Short descriptive text snippets

..........

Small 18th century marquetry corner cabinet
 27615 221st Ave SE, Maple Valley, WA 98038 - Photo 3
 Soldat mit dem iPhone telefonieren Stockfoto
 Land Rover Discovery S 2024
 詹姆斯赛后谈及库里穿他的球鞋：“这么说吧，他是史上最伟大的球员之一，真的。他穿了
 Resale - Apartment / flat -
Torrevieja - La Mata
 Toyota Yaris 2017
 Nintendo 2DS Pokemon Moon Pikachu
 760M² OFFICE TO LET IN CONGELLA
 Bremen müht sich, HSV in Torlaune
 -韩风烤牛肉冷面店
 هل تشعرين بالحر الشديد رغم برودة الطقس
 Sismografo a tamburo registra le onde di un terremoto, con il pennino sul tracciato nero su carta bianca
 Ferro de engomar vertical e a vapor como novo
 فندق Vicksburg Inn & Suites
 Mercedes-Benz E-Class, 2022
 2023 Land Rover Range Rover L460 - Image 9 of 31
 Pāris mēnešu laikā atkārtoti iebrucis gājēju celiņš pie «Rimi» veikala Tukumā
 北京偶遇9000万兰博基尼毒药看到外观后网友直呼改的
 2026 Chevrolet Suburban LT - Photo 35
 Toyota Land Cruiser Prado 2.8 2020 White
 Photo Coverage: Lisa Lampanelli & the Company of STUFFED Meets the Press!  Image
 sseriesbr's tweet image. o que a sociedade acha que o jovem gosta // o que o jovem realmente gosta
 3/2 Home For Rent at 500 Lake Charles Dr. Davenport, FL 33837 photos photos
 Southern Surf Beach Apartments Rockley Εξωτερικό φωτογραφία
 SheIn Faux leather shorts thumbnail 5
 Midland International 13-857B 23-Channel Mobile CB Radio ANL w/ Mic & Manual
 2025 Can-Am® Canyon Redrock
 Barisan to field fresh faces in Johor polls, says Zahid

..........

# [TASK PROMPT]
Nothing but the lines from the one containing "Pāris mēnešu laikā" through the final line of the data above is to be reproduced, each exactly as written.

# [THE ANSWER]
 Pāris mēnešu laikā atkārtoti iebrucis gājēju celiņš pie «Rimi» veikala Tukumā
 北京偶遇9000万兰博基尼毒药看到外观后网友直呼改的
 2026 Chevrolet Suburban LT - Photo 35
 Toyota Land Cruiser Prado 2.8 2020 White
 Photo Coverage: Lisa Lampanelli & the Company of STUFFED Meets the Press!  Image
 sseriesbr's tweet image. o que a sociedade acha que o jovem gosta // o que o jovem realmente gosta
 3/2 Home For Rent at 500 Lake Charles Dr. Davenport, FL 33837 photos photos
 Southern Surf Beach Apartments Rockley Εξωτερικό φωτογραφία
 SheIn Faux leather shorts thumbnail 5
 Midland International 13-857B 23-Channel Mobile CB Radio ANL w/ Mic & Manual
 2025 Can-Am® Canyon Redrock
 Barisan to field fresh faces in Johor polls, says Zahid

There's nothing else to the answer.